KARACHI: The current account deficit (CAD) of the country further widened by 12.18 per cent to $2.2 billion in the first month of the current fiscal year compared to $1.93 billion in July 2017, according to data released from the State Bank of Pakistan (SBP) here on Monday.
According to the SBP, the exports of the country stood at $2.009 billion in the month of July 2018, which is contrary to the Pakistan Bureau of Statistics (FBS) exports data of $1.646 billion. Similarly, the imports’ figure is also slightly higher and stood at $5.556 billion compared to the FBS data of $4.838 billion in July 2018.
Newly elected Prime Minister Imran Khan, in his Sunday speech, appealed to the Pakistanis living abroad to send their money through banking channels and invest in their own country to overcome the rising current account deficit and trade gap.
Premier Imran Khan assured investors that his government will provide all kinds of investment opportunities to Pakistanis living abroad. “Pakistan needs dollars to pay-off loans and Pakistanis should support us to bring the country out from the financial crisis,” he said.
CAD soared up by 12.18 per cent in the month of July 2018. The deficit enhanced by $224 million compared to June 2018 and $268 million of July 2017.
During the last fiscal year, the CAD indicates a poor financial management of the previous government of Nawaz Sharif as it failed to overcome the rising imports, the market experts said.

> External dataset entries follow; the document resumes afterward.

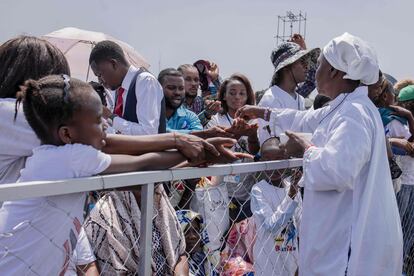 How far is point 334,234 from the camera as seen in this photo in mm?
2457

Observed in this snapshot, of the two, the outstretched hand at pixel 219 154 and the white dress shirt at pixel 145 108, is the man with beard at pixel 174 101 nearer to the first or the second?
the white dress shirt at pixel 145 108

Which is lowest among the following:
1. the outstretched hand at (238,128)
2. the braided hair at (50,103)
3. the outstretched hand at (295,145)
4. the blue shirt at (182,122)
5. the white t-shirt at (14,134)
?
the blue shirt at (182,122)

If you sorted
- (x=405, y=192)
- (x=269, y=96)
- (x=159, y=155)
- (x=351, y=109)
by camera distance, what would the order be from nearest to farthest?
(x=159, y=155) → (x=351, y=109) → (x=269, y=96) → (x=405, y=192)

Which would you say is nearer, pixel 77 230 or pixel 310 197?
pixel 77 230

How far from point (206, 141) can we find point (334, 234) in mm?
830

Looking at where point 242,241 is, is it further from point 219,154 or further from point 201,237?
point 219,154

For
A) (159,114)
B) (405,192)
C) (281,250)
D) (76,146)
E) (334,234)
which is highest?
(76,146)

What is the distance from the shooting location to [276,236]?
10.2 feet

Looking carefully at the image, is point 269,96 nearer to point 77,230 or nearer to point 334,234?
point 334,234

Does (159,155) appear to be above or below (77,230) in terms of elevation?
above

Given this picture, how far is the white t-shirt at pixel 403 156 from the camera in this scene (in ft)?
16.3

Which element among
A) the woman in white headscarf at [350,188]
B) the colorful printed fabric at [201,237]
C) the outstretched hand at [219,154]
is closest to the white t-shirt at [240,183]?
the colorful printed fabric at [201,237]

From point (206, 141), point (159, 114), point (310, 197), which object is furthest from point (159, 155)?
point (159, 114)

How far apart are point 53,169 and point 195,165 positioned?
715 millimetres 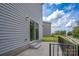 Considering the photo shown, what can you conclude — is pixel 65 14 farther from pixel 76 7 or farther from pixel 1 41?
pixel 1 41

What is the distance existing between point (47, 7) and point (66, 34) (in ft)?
6.39

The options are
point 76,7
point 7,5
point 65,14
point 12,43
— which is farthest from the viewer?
point 65,14

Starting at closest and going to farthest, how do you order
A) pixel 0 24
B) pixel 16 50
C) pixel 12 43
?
pixel 0 24 < pixel 12 43 < pixel 16 50

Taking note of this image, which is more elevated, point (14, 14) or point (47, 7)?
point (47, 7)

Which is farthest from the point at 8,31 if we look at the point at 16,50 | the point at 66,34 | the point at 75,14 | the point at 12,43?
the point at 75,14

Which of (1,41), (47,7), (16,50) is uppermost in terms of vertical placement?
(47,7)

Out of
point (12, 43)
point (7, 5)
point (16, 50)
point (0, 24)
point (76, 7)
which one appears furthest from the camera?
point (76, 7)

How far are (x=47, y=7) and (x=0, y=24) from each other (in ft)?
14.1

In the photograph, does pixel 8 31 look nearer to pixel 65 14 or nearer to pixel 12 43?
pixel 12 43

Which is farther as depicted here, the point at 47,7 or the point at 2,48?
the point at 47,7

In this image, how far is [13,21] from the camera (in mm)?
5195

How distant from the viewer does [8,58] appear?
3.81 meters

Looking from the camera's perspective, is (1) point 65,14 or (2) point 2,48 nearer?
(2) point 2,48

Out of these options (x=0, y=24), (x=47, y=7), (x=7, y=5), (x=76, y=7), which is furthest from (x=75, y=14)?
(x=0, y=24) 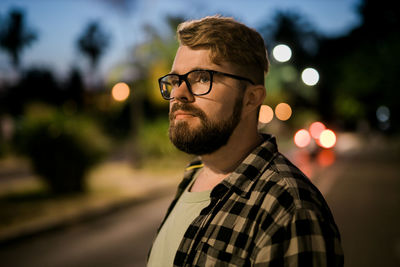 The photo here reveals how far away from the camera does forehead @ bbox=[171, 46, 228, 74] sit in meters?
1.36

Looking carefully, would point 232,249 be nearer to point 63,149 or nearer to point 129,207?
point 129,207

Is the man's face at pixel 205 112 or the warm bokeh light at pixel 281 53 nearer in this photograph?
the man's face at pixel 205 112

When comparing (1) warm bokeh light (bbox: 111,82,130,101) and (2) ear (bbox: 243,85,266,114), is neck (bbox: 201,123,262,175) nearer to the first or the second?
(2) ear (bbox: 243,85,266,114)

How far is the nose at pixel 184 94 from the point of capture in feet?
4.57

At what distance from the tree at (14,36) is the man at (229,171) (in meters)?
41.2

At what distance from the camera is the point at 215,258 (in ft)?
3.69

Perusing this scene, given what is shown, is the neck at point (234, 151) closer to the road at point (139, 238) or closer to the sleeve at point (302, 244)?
the sleeve at point (302, 244)

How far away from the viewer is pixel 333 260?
99 centimetres

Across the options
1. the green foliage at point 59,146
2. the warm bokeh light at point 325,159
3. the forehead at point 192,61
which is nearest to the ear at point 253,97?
the forehead at point 192,61

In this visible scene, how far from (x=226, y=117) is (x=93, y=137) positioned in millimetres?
8457

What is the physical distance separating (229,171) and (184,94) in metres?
0.40

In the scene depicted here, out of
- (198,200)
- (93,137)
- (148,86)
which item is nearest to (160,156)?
(148,86)

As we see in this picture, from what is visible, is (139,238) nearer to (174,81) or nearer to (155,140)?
(174,81)

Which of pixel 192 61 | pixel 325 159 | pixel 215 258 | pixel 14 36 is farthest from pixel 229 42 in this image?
pixel 14 36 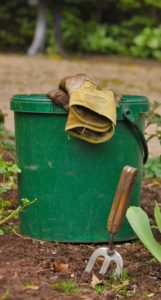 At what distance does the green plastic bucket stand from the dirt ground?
3.46 metres

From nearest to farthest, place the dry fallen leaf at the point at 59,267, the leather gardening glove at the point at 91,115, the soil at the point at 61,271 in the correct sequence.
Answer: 1. the soil at the point at 61,271
2. the dry fallen leaf at the point at 59,267
3. the leather gardening glove at the point at 91,115

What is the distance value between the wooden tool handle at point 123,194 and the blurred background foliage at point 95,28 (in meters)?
10.1

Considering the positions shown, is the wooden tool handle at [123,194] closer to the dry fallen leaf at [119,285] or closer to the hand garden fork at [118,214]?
the hand garden fork at [118,214]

Pak Rupee appreciated by 3.2 per cent against the dollar in interbank while 5-6 per cent in the open currency market during the last three weeks. The Pak-rupee had touched Rs130 in the open currency market while Rs129 in the interbank market in July this year.
The rupee had been devalued by 20 per cent during the last fiscal year. The central bank devalued Pak Rupee by 5 per cent on December 8, 2017, to Rs110, 4.5 per cent to Rs115 on March 20, 2018, and 5 per cent to Rs121. During the last 10 years, Pak Rupee has devalued annually by around 5 per cent, said a Topline Securities report.
The current A/C deficit is widening only because of rising country’s imports bills and lower inflows of foreign direct investment (FDI).
Despite rising CAD, the foreign exchange (FX) reserves of the State Bank have remained under pressure and down to $10,152 billion last Thursday, which covers only about 1.5 months of imports bills. Total reserves of the country are at $16.712 billion.
The import bills had touched $55.8 billion in last fiscal year which is more than double of the total export’s inflows of $24.772 billion, the SBP’s data said.
The SBP had also imposed a 100 per cent cash margin on the import of 131 items of goods to overcome the rising imports of luxurious goods and also taken some hard decision to control the dollar rates in Interbank.
The State Bank is persistently facing payment pressure of international donor agencies including the International Monetary Fund (IMF).
The dollar is being traded at Rs123.94 for buying and Rs124.04 in the interbank market today.